Wandering Thoughts archives

2007-09-07

My view of what 'strongly typed' means

I was recently reading this slide from a presentation, which set me to thinking about the whole issue of what makes me consider something to be 'strongly typed'.

In high-level languages, I have a pragmatic definition: if 2 + "3" succeeds, especially if it is 5, your language is weakly typed. Thus, awk and Perl are weakly typed but Python and Ruby are strongly typed.

(I have to restrict this to high-level languages because this works in C, although it does not give you 5. If you are lucky this particular case gives you a core dump.)

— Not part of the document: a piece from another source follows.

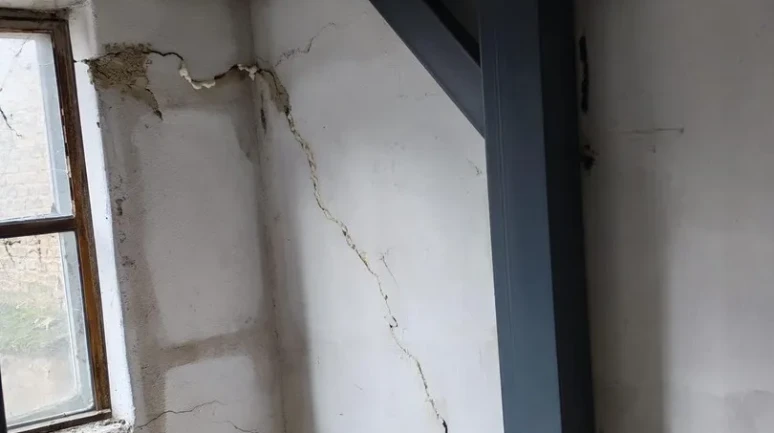 Buldan'da tarihi hamamda izinsiz güçlendirme çalışması yapıldığı tespit edildi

More generally, I tend to think of strong typing as having two attributes: type conversions among core types must be explicit, and they are not guaranteed to be possible (they can fail for some types or some values). Things like 2 + 3.5 are excused because I tend to lump all forms of numbers together in my mind as one big abstract Numbers type; it's acceptable for the language to implicitly convert back and forth among the subtypes.

(I have to restrict this to 'core types' because languages generally give user-written types some hooks to do automatic conversions, so in a nominally strongly typed language you can create what are effectively weakly typed types, things that will automatically 'convert' themselves to other types without any warnings.)

By contrast, weakly typed languages either perform implicit conversions or allow you to ultimately force a conversion to happen, and sometimes both. Perl does the former; C does the latter.

I suspect that this implies that strongly typed languages need either static typing or an exception system, since they must either prevent invalid conversions from ever being possible or have some way to signal a runtime error when one is attempted.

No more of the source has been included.